- **THE TASK**
When the line with "Hierarchy for swing" appears below, start repeating lines exactly, and keep going through the line with "Tropical Floral Paradise"; add nothing outside that span.

- **RAW DATA**

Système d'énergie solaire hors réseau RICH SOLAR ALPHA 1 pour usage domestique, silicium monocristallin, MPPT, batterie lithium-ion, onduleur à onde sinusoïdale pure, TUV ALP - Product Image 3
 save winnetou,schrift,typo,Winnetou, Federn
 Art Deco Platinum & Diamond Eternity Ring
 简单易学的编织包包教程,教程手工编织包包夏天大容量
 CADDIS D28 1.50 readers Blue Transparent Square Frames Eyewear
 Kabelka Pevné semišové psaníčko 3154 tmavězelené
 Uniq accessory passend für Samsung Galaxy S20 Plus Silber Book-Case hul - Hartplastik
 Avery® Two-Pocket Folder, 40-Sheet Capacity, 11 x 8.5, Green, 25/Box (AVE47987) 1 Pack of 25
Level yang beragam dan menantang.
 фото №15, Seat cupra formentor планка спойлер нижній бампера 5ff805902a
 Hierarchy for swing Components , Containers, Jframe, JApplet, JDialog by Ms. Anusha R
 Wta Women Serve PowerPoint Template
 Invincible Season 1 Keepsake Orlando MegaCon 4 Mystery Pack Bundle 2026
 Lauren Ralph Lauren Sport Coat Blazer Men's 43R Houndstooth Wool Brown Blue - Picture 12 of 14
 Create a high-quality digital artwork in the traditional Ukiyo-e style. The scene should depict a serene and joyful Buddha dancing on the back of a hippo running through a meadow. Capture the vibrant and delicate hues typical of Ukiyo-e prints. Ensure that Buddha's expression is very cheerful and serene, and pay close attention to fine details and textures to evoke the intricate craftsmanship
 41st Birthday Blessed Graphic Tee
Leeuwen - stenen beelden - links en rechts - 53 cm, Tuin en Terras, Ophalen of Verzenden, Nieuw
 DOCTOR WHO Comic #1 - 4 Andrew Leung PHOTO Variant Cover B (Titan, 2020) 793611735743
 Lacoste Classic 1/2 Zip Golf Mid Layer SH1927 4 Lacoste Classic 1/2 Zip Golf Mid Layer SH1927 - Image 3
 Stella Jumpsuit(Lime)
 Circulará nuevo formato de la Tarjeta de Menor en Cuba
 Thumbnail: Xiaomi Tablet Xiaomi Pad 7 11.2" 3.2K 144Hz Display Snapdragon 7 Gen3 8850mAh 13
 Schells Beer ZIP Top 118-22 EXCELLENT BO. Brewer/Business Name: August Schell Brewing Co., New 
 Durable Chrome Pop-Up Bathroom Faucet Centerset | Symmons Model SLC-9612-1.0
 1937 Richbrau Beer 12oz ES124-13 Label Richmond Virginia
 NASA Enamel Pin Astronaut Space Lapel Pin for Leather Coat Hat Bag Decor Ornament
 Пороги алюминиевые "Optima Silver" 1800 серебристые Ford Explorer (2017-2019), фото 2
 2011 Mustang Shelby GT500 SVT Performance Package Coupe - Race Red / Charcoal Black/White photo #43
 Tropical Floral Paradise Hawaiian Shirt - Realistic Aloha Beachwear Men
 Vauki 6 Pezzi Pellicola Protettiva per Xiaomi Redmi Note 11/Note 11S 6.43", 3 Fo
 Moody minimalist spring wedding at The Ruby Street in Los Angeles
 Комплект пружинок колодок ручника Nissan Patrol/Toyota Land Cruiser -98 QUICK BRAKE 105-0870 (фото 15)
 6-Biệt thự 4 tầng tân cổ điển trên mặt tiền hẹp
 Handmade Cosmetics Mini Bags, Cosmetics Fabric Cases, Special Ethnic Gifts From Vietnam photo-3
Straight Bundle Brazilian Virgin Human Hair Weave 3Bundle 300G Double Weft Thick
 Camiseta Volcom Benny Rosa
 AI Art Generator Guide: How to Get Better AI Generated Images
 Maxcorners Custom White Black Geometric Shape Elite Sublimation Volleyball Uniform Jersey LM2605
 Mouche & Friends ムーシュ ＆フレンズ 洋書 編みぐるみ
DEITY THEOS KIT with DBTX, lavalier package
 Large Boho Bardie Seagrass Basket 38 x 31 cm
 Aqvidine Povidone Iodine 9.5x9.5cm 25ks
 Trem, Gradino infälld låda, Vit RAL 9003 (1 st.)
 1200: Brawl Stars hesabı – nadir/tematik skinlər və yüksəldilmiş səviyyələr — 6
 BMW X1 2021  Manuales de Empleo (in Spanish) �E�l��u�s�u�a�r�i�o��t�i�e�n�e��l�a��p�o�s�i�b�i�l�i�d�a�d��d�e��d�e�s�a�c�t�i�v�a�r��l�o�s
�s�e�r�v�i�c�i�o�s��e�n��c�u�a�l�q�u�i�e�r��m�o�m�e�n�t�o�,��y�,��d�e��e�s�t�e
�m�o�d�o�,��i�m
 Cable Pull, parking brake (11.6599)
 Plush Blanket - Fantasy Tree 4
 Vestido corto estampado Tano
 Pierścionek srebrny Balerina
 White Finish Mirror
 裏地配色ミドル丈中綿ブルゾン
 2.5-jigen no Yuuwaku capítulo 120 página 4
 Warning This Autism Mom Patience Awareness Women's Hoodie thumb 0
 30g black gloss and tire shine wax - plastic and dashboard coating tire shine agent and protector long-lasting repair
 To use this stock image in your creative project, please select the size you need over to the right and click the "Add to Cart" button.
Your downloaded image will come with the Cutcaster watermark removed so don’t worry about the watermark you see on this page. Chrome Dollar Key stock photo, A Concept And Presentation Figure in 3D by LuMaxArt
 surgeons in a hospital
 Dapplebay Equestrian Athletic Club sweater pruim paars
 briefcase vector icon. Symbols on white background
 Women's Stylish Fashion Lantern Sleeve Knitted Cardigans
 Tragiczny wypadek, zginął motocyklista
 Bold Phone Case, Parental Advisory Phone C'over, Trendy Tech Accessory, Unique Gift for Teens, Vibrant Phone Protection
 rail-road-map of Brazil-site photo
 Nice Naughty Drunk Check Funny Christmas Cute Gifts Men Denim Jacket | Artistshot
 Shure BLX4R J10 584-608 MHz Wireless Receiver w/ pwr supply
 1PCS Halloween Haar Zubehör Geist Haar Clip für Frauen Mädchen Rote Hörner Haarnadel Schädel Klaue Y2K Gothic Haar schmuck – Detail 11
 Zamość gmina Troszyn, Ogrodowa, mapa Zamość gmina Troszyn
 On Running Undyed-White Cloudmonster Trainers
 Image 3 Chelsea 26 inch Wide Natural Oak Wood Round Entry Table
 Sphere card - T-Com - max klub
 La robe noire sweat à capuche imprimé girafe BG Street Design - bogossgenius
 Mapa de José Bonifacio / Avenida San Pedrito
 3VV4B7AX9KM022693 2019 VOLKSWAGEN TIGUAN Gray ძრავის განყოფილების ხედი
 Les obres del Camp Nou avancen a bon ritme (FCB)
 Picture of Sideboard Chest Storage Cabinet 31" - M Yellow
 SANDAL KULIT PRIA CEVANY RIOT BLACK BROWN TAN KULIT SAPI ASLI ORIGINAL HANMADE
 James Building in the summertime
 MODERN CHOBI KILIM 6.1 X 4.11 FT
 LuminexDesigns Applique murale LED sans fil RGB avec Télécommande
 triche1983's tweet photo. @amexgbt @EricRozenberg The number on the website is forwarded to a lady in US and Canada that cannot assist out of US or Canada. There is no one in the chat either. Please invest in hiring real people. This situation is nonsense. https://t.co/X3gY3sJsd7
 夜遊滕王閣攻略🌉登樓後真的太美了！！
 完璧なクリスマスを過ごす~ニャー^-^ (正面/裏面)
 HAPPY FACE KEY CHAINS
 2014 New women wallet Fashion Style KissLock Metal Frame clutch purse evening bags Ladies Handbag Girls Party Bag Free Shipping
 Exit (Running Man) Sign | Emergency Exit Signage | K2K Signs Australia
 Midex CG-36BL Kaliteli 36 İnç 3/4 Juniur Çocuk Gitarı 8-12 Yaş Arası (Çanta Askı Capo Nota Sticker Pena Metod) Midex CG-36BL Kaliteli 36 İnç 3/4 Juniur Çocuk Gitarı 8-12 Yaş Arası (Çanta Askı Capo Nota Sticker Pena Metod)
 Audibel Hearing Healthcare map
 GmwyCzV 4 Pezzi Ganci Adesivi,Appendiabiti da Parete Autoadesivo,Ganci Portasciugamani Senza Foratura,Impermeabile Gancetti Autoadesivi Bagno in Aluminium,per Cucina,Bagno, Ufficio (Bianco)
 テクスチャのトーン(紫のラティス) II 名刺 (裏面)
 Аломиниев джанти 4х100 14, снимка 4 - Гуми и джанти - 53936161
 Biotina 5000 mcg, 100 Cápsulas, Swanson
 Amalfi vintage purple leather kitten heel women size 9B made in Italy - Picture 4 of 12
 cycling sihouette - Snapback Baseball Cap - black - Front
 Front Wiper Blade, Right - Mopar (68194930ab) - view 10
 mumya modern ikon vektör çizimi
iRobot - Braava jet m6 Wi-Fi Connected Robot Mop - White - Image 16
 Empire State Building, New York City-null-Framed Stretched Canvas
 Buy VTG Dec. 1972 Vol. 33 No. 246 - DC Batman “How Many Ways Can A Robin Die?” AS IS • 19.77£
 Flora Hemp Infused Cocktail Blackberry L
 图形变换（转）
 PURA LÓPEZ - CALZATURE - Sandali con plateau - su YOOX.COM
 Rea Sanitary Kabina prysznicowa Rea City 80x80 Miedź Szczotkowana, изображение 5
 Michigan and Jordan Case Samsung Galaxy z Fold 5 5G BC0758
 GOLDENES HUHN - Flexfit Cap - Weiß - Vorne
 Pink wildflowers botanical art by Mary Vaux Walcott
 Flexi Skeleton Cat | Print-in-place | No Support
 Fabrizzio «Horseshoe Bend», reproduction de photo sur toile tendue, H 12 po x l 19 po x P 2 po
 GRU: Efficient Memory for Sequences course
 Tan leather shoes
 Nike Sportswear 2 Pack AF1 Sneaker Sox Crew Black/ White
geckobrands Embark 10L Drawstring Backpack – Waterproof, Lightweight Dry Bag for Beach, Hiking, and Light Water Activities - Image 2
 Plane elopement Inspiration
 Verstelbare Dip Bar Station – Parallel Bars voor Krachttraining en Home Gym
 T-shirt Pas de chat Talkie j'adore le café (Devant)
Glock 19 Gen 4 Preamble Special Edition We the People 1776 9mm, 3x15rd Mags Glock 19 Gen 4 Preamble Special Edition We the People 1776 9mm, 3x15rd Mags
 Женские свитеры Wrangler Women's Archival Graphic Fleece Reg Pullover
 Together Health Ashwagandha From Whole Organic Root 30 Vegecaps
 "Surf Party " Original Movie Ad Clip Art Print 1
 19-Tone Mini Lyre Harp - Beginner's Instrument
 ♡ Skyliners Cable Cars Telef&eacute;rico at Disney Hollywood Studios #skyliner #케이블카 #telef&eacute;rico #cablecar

- **REPLY**
 Hierarchy for swing Components , Containers, Jframe, JApplet, JDialog by Ms. Anusha R
 Wta Women Serve PowerPoint Template
 Invincible Season 1 Keepsake Orlando MegaCon 4 Mystery Pack Bundle 2026
 Lauren Ralph Lauren Sport Coat Blazer Men's 43R Houndstooth Wool Brown Blue - Picture 12 of 14
 Create a high-quality digital artwork in the traditional Ukiyo-e style. The scene should depict a serene and joyful Buddha dancing on the back of a hippo running through a meadow. Capture the vibrant and delicate hues typical of Ukiyo-e prints. Ensure that Buddha's expression is very cheerful and serene, and pay close attention to fine details and textures to evoke the intricate craftsmanship
 41st Birthday Blessed Graphic Tee
Leeuwen - stenen beelden - links en rechts - 53 cm, Tuin en Terras, Ophalen of Verzenden, Nieuw
 DOCTOR WHO Comic #1 - 4 Andrew Leung PHOTO Variant Cover B (Titan, 2020) 793611735743
 Lacoste Classic 1/2 Zip Golf Mid Layer SH1927 4 Lacoste Classic 1/2 Zip Golf Mid Layer SH1927 - Image 3
 Stella Jumpsuit(Lime)
 Circulará nuevo formato de la Tarjeta de Menor en Cuba
 Thumbnail: Xiaomi Tablet Xiaomi Pad 7 11.2" 3.2K 144Hz Display Snapdragon 7 Gen3 8850mAh 13
 Schells Beer ZIP Top 118-22 EXCELLENT BO. Brewer/Business Name: August Schell Brewing Co., New 
 Durable Chrome Pop-Up Bathroom Faucet Centerset | Symmons Model SLC-9612-1.0
 1937 Richbrau Beer 12oz ES124-13 Label Richmond Virginia
 NASA Enamel Pin Astronaut Space Lapel Pin for Leather Coat Hat Bag Decor Ornament
 Пороги алюминиевые "Optima Silver" 1800 серебристые Ford Explorer (2017-2019), фото 2
 2011 Mustang Shelby GT500 SVT Performance Package Coupe - Race Red / Charcoal Black/White photo #43
 Tropical Floral Paradise Hawaiian Shirt - Realistic Aloha Beachwear Men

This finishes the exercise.